There has been ongoing litigation in the case for years in Texas and now here in state district court involving the late Pierce Marshall Sr., who was involved for years in lawsuits against Smith to get control of the trust, which is governed under the Louisiana Trust Code; Elaine Marshall, widow of Pierce Marshall Sr. who was named by him as the sole trustee of the trust with the power to name co-trustees; and their son, Preston Marshall, who was terminated from the Marshall business in 2015 for alleged misconduct. 

Attorneys for Elaine Marshall, who attended Monday’s hearing, said Preston has waged a campaign of lawsuits in Louisiana and Texas since 2015 seeking to disinherit his mother and brother, Pierce Marshall Jr., and trying to seize the family fortune and control over family trusts, foundations and entities.

Although some have said the Harrier Trust has billions attached to it, Elaine Marshall’s attorneys dispute that and insist the billion-dollar figure applies to the entire J. Howard Marshall II estate.
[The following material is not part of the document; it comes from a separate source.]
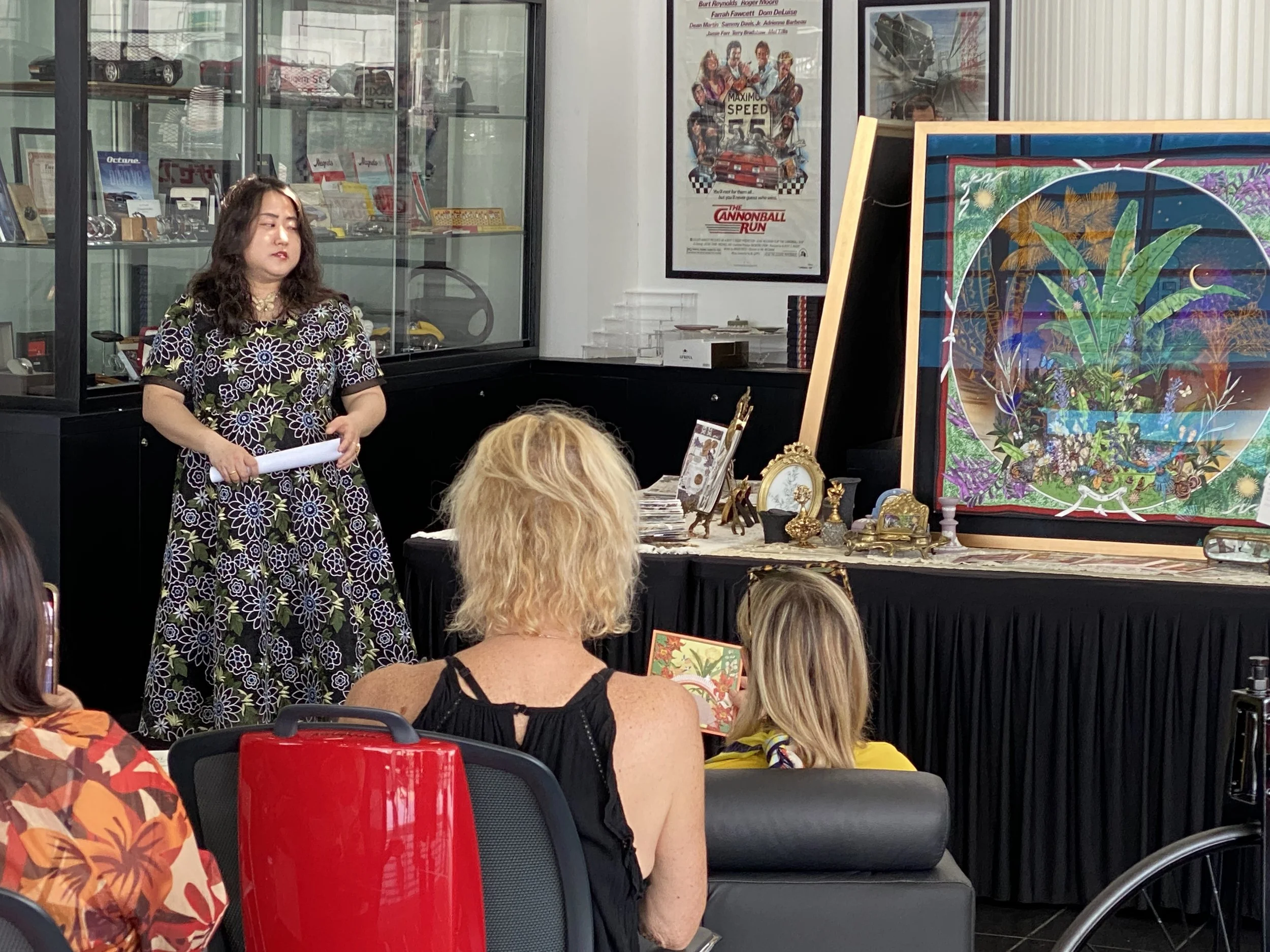 A woman in a floral dress standing in front of a small audience at an art auction or presentation. Behind her, there is a glass display case with model cars, posters on the wall including a 'The Cannonball Run' poster, and a colorful artwork on an easel. Several audience members are seated, watching her.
Those attorneys also have said the Harrier Trust is not part of the estate, was funded by Elaine Marshall and has a value of about $17 million.

Attorneys for Preston Marshall told Simon on Monday they wanted her to hear testimony from several people — including other judges — and they also wanted to introduce information regarding litigation that had taken place in Texas. Simon was not in favor of doing either of those things.

“This is a paper case,” she said. “We don’t need testimony. Whatever happened in Texas is not a concern to me; what happened in Louisiana is the concern.”

Preston Marshall’s attorneys had earlier filed a motion asking for Wilson to be recused because of her familiarity or affiliations with Judge Lilynn Cutrer, a local family court judge who has been appointed as a trustee over the Harrier Trust.

Another local judge, Judge Clayton Davis, filed an order with the state Supreme Court asking for an ad hoc judge to be appointed to hear the recusal motion and also questioned Cutrer’s appointment as trustee. Davis stepped back from hearing the recusal motion because he had previous business dealings with the Lundy Law Firm, which represents Preston Marshall.

Simon only took action on the recusal motion. She said one issue that concerned her is that Preston Marshall’s attorneys waited so long to express any concerns involved with Wilson overseeing the Harrier Trust case.

Jeff Chambers, one of his attorneys, said, “We couldn’t file a motion of recusal until we saw a reason for it.”

Walt Sanchez, an attorney for Elaine Marshall, called that “last-minute gamesmanship.” He said, “They are simply fighting over turf.”

There are several local attorneys involved in the Harrier Trust case including Todd S. Clemons and Sanchez, who both represent Elaine Marshall. Representing Preston Marshall locally are Hunter Lundy and Rudie Soileau.